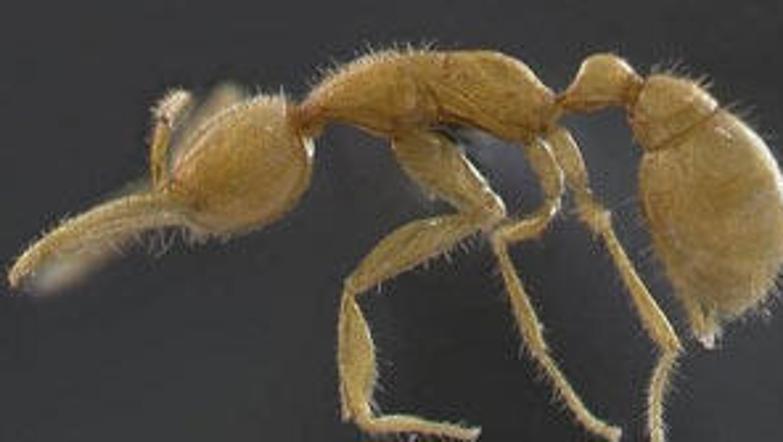 Mravlja je slepa in nima spodnje čeljusti.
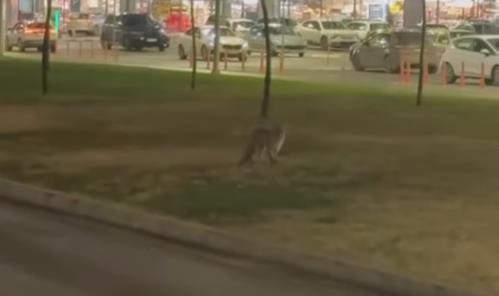 [Aggregator] Downloaded image for imported item #68210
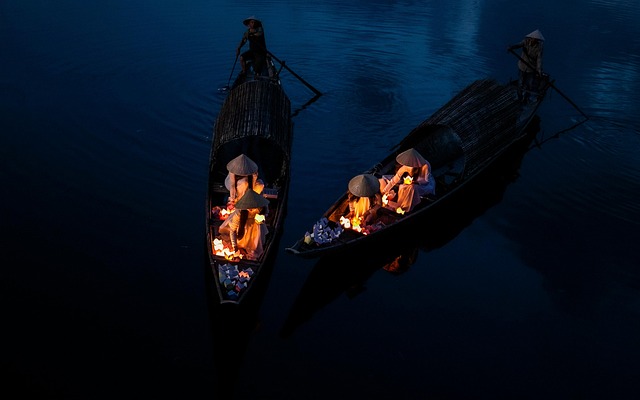 Vietnam Coal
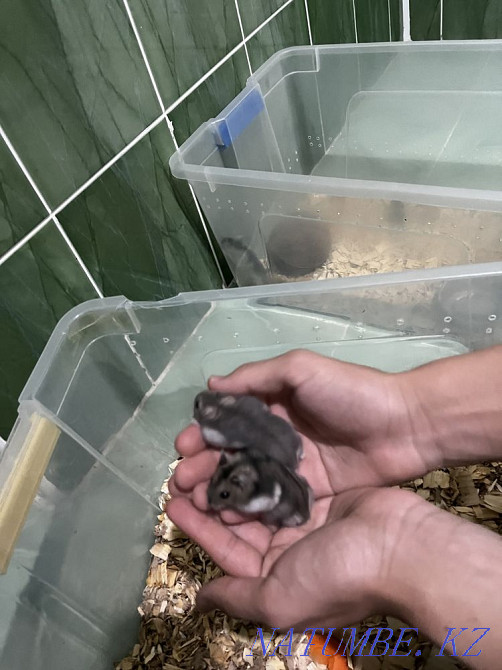 Джунгарские хомяки Шымкент - изображение 2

************

# [WHAT IS NEEDED]
Omitting the pictures, write out the material above exactly as it stands.

# [YOUR SOLUTION]
 Mravlja je slepa in nima spodnje čeljusti.
 [Aggregator] Downloaded image for imported item #68210
 Vietnam Coal
 Джунгарские хомяки Шымкент - изображение 2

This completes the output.